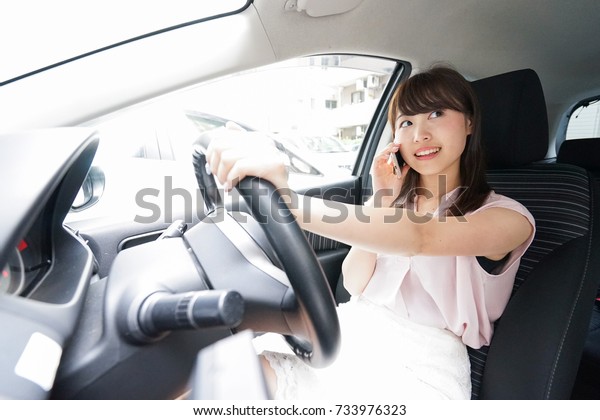 Driving woman using\
smartphone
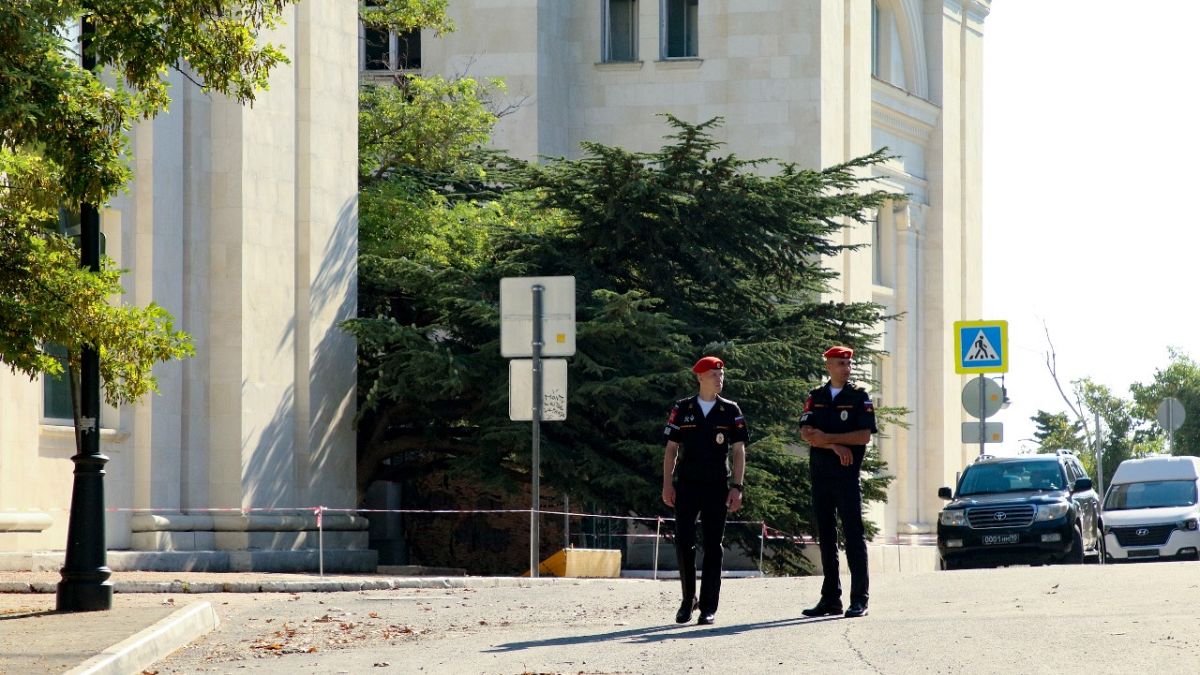 Russian soldiers guard the headquarters of Russia's Black Sea Fleet in Sevastopol, Crimea, Sunday, July 31, 2022, following an explosion that injured six people.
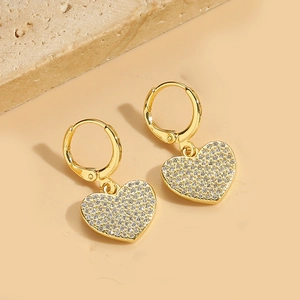 Close-up of gold heart earrings with pavé crystals on a textured stone display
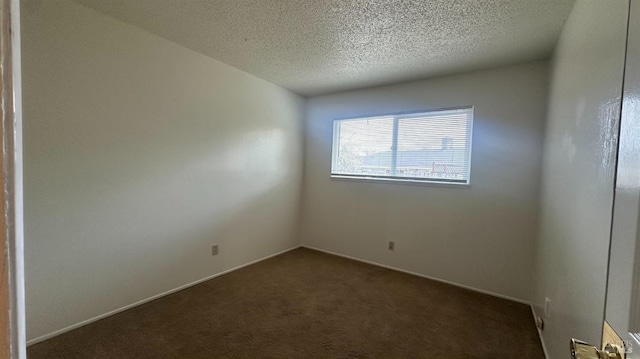 175 Nehoc Ct, Ukiah, CA 95482 - empty room with baseboards, dark colored carpet, and a textured ceiling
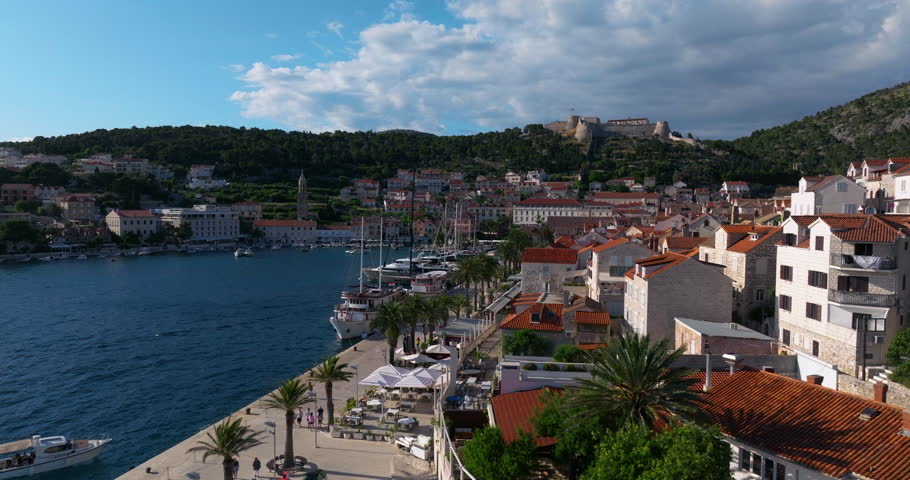 Waterfront Town Of Hvar And Promenade In Hvar Island, Croatia. - aerial shot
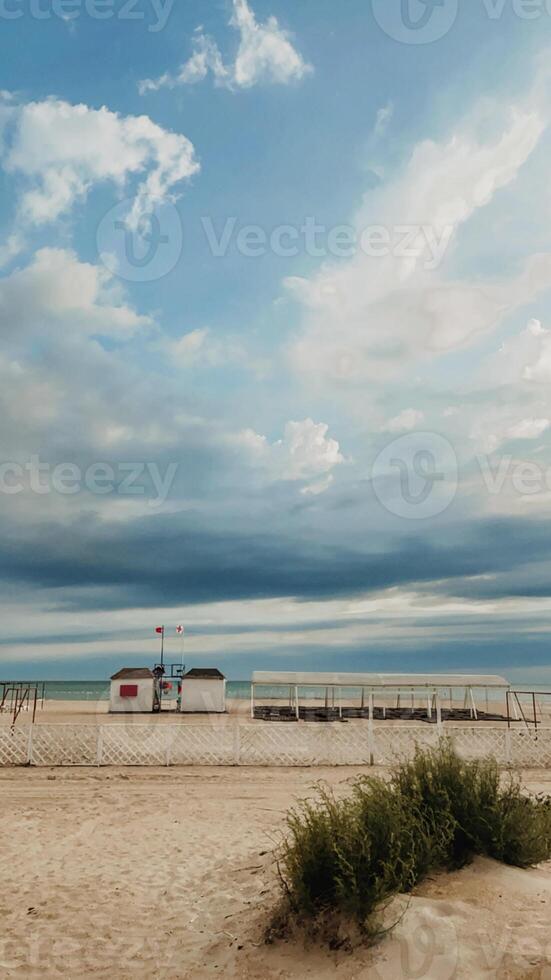 Fluffy storm clouds over empty sandy public beach photo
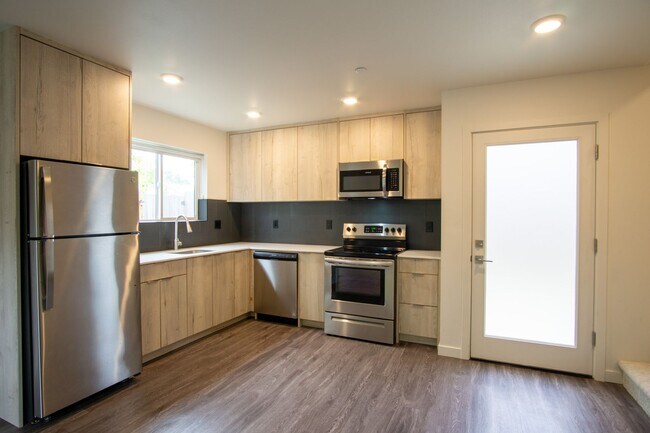 Building Photo - Stylish + Modern Corner 2-Bedroom Townhouse!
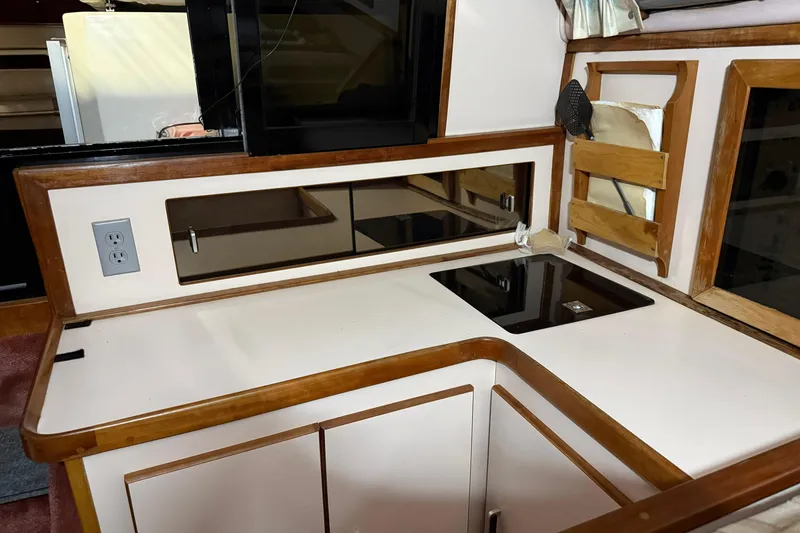 Slide: The Image of 1989 Sea Ray 340 Express Cruiser interior kitchen with stove, cabinets, and wood accents. - 6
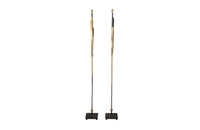 Pair of elegant iron floor lamps in the form of stylised reeds and the stem and square base in black and the leaves gilded.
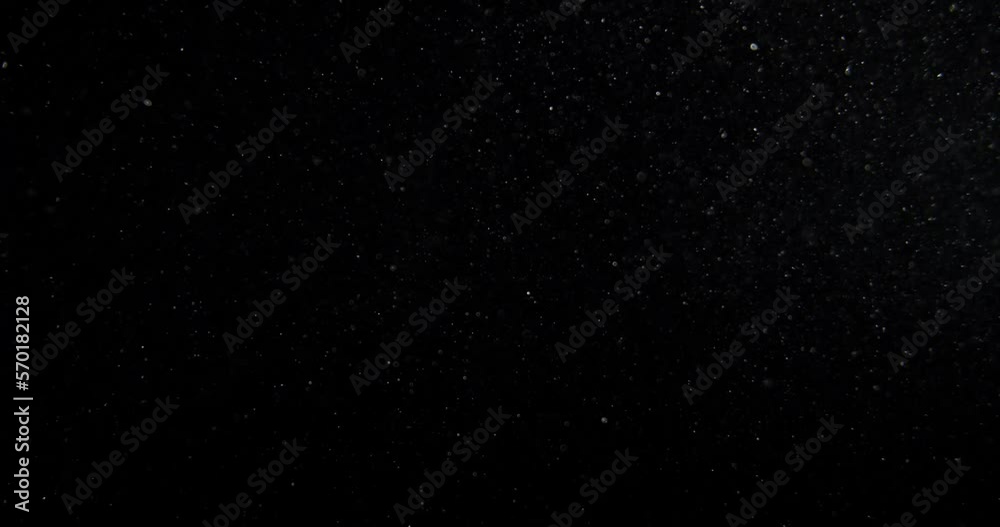 Poster vertical dust particles system floating on black screen overlay. red camera footage in slow motion. 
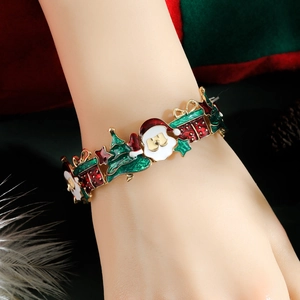 Detail eines Weihnachts-Armbands mit Weihnachtsmann- und Baum-Anhängern am Handgelenk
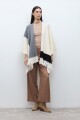 Ruana color block con flecos crudo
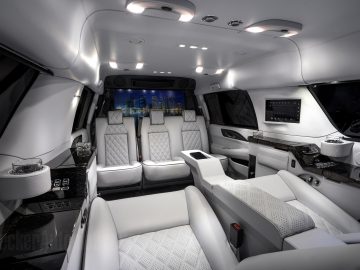 Interieur van een op maat gemaakte Cadillac-limousine met zachte witte lederen stoelen, een minibar, sfeerverlichting en een multimediasysteem.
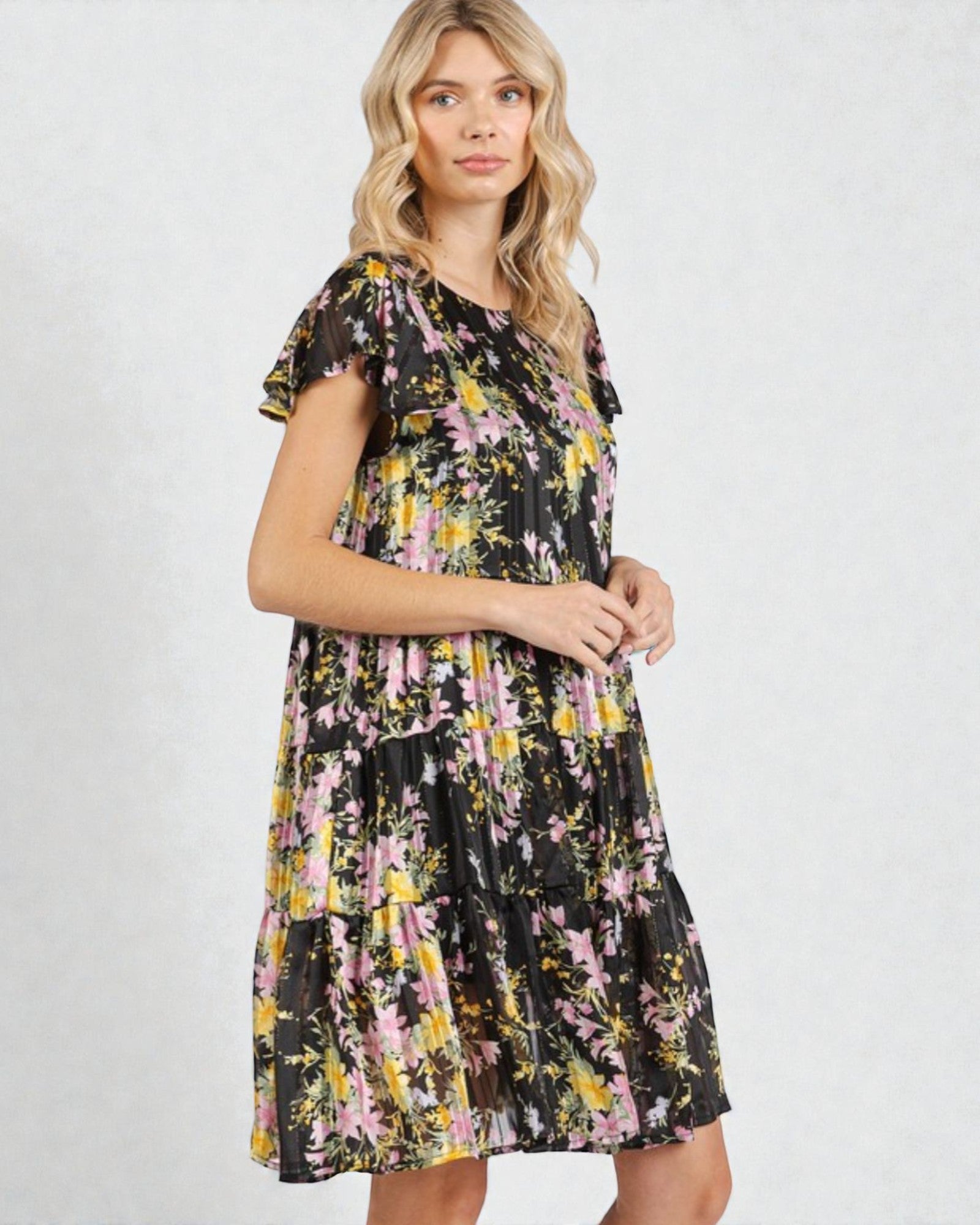 Woman wearing a floral dress on a white background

· · ·

### Goal of the exercise
The data above must be written out again word for word, without its pictures.

### Answer space
 Driving woman using\
smartphone
 Russian soldiers guard the headquarters of Russia's Black Sea Fleet in Sevastopol, Crimea, Sunday, July 31, 2022, following an explosion that injured six people.
 Close-up of gold heart earrings with pavé crystals on a textured stone display
 175 Nehoc Ct, Ukiah, CA 95482 - empty room with baseboards, dark colored carpet, and a textured ceiling
 Waterfront Town Of Hvar And Promenade In Hvar Island, Croatia. - aerial shot
 Fluffy storm clouds over empty sandy public beach photo
 Building Photo - Stylish + Modern Corner 2-Bedroom Townhouse!
 Slide: The Image of 1989 Sea Ray 340 Express Cruiser interior kitchen with stove, cabinets, and wood accents. - 6
 Pair of elegant iron floor lamps in the form of stylised reeds and the stem and square base in black and the leaves gilded.
 Poster vertical dust particles system floating on black screen overlay. red camera footage in slow motion. 
 Detail eines Weihnachts-Armbands mit Weihnachtsmann- und Baum-Anhängern am Handgelenk
 Ruana color block con flecos crudo
 Interieur van een op maat gemaakte Cadillac-limousine met zachte witte lederen stoelen, een minibar, sfeerverlichting en een multimediasysteem.
 Woman wearing a floral dress on a white background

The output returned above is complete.